→ What to produce
From first line to last, copy the listing exactly and omit its pictures.

→ Data below
──────────
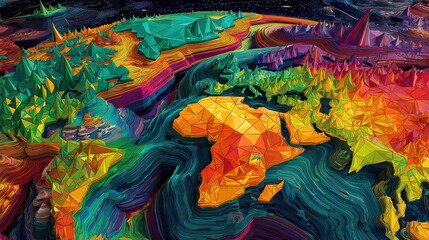 Surreal global market ecosystem with data rivers and geometric continents, psychedelic style, vibrant colors, digital painting, macroeconomic flow
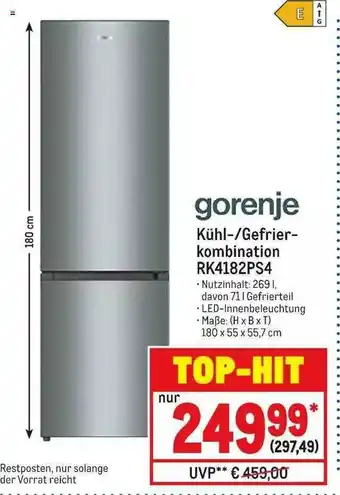 METRO Gorenje Kühl-gefrierkombination RK4182PS4 Angebot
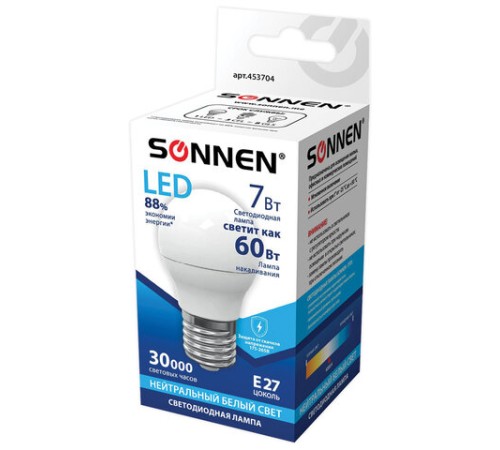 Лампа светодиодная SONNEN, 7 (60) Вт, цоколь E27, шар, нейтральный белый свет, 30000 ч, LED G45-7W-4000-E27, 453704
──────────
→ Solved exercise
 Surreal global market ecosystem with data rivers and geometric continents, psychedelic style, vibrant colors, digital painting, macroeconomic flow
 METRO Gorenje Kühl-gefrierkombination RK4182PS4 Angebot
 Лампа светодиодная SONNEN, 7 (60) Вт, цоколь E27, шар, нейтральный белый свет, 30000 ч, LED G45-7W-4000-E27, 453704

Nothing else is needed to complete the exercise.